-- What is needed --
Which lines below hold the word "Commons"? Copy all of them.

----------

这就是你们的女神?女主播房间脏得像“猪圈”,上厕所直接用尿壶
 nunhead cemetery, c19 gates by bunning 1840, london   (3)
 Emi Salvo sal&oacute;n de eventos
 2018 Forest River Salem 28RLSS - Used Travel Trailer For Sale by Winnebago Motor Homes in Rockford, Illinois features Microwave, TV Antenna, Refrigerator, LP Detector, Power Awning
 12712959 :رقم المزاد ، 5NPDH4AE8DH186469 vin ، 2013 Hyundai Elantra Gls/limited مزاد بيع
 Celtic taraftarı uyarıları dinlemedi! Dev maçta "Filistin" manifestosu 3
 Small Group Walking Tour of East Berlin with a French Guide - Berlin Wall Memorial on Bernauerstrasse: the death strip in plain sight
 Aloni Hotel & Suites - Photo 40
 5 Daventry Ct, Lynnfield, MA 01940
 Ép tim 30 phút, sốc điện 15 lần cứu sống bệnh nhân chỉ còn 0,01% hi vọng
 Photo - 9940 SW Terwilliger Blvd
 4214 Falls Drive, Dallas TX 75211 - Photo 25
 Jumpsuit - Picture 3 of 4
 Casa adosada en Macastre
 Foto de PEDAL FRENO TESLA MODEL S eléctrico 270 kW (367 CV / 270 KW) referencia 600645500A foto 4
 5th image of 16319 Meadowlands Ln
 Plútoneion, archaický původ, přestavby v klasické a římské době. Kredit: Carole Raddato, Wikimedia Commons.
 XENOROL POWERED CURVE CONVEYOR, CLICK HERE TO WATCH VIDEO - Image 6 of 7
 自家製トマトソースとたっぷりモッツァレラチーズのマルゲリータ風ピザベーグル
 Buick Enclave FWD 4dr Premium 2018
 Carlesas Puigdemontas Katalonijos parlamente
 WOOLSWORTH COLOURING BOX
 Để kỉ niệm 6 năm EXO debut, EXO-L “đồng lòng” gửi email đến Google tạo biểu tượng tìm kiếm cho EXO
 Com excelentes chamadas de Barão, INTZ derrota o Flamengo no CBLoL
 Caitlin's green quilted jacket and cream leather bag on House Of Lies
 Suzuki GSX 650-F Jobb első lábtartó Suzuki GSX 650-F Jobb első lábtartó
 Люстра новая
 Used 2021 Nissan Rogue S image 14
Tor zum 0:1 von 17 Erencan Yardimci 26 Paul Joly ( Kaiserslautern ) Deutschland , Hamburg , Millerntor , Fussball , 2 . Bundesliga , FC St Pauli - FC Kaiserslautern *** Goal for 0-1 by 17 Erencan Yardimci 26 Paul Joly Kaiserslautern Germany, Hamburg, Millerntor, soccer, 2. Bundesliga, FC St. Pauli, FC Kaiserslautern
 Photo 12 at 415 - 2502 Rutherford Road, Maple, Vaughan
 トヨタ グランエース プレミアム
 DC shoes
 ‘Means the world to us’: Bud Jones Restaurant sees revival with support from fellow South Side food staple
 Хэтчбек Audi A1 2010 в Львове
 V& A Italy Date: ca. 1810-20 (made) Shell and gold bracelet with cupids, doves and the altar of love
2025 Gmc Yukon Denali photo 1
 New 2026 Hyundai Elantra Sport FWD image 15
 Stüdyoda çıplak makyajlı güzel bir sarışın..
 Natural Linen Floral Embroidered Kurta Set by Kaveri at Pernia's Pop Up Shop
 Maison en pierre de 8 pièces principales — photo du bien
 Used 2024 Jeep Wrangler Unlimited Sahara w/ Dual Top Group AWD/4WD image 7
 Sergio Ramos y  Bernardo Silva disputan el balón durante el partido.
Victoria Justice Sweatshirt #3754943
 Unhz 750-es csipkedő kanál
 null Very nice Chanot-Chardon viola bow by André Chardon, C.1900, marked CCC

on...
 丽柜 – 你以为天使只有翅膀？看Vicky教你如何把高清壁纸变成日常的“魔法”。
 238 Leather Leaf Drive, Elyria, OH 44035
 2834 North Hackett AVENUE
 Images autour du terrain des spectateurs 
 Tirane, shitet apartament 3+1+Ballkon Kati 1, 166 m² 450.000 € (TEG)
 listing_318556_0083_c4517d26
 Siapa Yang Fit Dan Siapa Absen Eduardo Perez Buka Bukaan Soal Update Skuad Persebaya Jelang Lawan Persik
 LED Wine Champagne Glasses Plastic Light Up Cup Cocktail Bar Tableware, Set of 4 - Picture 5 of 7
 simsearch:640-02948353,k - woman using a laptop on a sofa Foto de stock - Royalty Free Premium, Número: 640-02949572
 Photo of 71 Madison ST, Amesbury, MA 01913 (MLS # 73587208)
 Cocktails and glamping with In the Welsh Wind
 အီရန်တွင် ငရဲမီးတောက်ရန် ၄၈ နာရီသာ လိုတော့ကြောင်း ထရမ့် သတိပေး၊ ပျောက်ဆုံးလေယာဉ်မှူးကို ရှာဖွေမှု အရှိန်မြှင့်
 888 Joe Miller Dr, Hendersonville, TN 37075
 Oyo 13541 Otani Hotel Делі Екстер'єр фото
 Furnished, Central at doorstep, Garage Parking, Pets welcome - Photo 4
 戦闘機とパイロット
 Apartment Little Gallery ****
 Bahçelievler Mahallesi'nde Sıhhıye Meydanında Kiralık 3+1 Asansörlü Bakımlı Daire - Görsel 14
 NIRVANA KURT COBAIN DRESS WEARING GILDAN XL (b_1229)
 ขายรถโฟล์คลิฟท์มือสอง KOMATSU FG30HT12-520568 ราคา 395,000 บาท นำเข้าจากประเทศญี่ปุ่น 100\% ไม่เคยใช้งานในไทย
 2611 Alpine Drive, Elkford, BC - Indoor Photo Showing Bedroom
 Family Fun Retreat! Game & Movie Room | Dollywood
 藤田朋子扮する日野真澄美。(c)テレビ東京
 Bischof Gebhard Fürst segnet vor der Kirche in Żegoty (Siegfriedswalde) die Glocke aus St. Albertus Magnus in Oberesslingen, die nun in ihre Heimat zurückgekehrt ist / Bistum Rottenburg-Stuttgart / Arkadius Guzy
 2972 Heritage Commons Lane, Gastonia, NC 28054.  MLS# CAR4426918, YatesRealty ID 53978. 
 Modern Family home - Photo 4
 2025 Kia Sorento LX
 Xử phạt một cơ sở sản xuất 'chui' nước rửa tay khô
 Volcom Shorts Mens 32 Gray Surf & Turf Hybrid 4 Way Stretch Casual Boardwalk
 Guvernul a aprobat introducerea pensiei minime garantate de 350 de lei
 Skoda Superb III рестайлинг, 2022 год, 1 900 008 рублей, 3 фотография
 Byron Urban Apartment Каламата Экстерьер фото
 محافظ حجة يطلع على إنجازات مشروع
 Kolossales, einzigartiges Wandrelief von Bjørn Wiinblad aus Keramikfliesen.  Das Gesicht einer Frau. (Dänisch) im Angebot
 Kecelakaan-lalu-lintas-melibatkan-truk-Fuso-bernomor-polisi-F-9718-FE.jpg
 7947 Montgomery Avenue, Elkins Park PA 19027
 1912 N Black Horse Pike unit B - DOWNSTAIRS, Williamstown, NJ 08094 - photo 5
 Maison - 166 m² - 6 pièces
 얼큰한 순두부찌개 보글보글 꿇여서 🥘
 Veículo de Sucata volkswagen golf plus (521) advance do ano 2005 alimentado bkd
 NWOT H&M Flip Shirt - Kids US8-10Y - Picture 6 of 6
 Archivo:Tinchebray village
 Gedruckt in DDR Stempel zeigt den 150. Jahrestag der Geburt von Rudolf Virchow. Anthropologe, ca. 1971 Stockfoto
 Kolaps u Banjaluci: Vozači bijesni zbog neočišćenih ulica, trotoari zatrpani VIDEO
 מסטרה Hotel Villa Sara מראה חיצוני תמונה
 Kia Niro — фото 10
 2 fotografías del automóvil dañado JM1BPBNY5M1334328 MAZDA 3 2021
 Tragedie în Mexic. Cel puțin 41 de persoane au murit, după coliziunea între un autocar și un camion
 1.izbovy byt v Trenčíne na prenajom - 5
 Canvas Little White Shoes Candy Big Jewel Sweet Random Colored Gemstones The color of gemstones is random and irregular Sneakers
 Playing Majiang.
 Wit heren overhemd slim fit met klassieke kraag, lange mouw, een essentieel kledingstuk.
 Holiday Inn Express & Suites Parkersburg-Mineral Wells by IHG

----------

-- Finished exercise --
 Plútoneion, archaický původ, přestavby v klasické a římské době. Kredit: Carole Raddato, Wikimedia Commons.
 2972 Heritage Commons Lane, Gastonia, NC 28054.  MLS# CAR4426918, YatesRealty ID 53978. 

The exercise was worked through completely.